Just three days after telling his friend about being sick, Culhane wrote that he was feeling better.

"I am still in quarantine but will be released today. I am feeling great and the two day's rest has done me a world of good. I have done nothing at all but sit in the shade, read and write letters."

His recovery from the Spanish flu was swift, but the very next day, October 7, 1918, he wrote to give "all the details of the death of a very good friend, my Bunkie, Thomas Birdie. His body will go north today, I think," Culhane wrote, asking Pinter to attend the wake. "At his side, say a few prayers for the repose of his soul."

When not writing about the flu, Culhane dropped none-too-subtle hints about wanting care packages full of cookies from home. And he regularly questioned why other friends didn't write.

He also worried that he was "neglecting the ladies." He pelts his friend Clif with questions about Ursula ("Her Majesty," he jokingly refers to her), Ella (the young woman to whom he promised a prized golf club) Ida ("I had a long letter from Ida Flynn. Boy! I will have a job on my hands when I get home") and the Marys (Mary Rose, Mary English, Mary Anne).

While Culhane writes about and to a lot of young ladies, there is no sign in the letters which one, if any, held a special place in his heart. Still he worried about one young man named "Hank" who remained in Chicago.

"Keep the ladies amused by all means, but I look to you to protect my interests. Hank is too darn nice a chap to be safe around the ladies. However, if he seems to get extra strong I will write a note and have him made Admiral of the Arctic Circle."

After recovering from the flu, Culhane bemoans the fact that war was about to end.

"It is almost over now and thirty days will see at least a cessation of hostilities. Xmas will see peace. I will never see France and as long as that is impossible I might as well be out of the Army as soon as it is over." Nine days later, on the 11th hour of the 11th day of the 11th month the war ended.

And just four days after the fighting in Europe ended, the letters from Camp Forrest stopped. Al Culhane was sick again. This time he was taken to U.S. General Hospital #14 at Fort Oglethorpe, Georgia.

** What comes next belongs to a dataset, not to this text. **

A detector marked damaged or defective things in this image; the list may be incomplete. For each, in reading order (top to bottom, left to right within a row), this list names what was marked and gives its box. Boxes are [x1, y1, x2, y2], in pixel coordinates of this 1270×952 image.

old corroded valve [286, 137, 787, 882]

And he couldn't keep the latest illness a secret from his family back home in Chicago. A Catholic chaplain wrote the family that he was sick and not able to write himself.

When he was well enough, he wrote Pinter, "I don't know just what I have but it felt like old fashioned grip or perhaps 'The Flu.'".

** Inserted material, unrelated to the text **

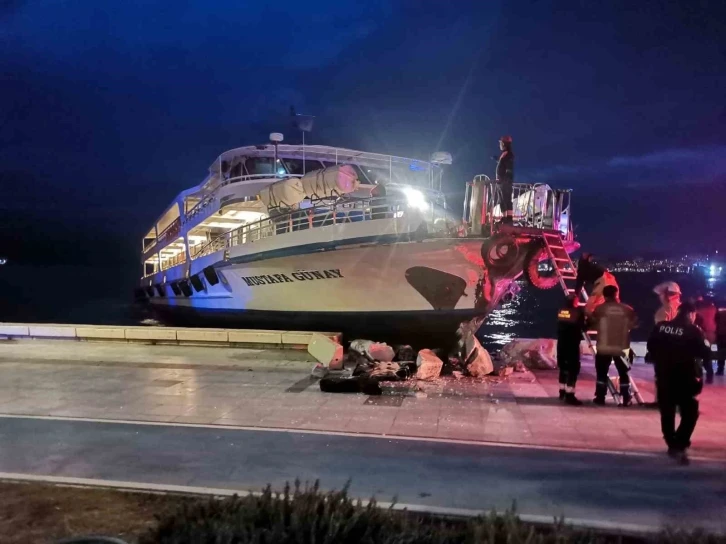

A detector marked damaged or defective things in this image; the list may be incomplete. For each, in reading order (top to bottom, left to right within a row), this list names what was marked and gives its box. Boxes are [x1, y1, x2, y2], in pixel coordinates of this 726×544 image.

broken concrete block [308, 332, 346, 370]
broken concrete block [416, 350, 444, 380]
broken concrete block [466, 336, 494, 378]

It took about two weeks before he was out of the Fort Oglethorpe hospital and back at Camp Forrest. He had twice survived the deadliest flu in history and lived to write home about it.

After his second recovery his concerns turned to getting back to Chicago by Christmas. "Clif I have seen my discharge all written out and from that moment on my usefulness as a soldier ceased."

But again illness got in the way. This time it was a completely different one: "Measles has broken out in our company and we are quarantined. Did you ever hear of harder luck in all your life?"

Culhane didn't make it back to Chicago for Christmas. But he eventually did return home alive and well.

He never did make it to France, but traveled the United States extensively with his wife, Evelyn, a woman never mentioned in his letters home, but someone he'd known since they went through First Holy Communion together.

As for Clif Pinter, who saved the letters, he and Al Culhane remained "old chums" for life.

After Pinter's death, his son passed the letters on to Al's daughter, Dorothy Clarke, who passed them onto Al's grandchildren, including Lawrence Aloysius Shaughnessy, who works for CNN's Pentagon unit and occasionally writes stories about soldiers for CNN.Com.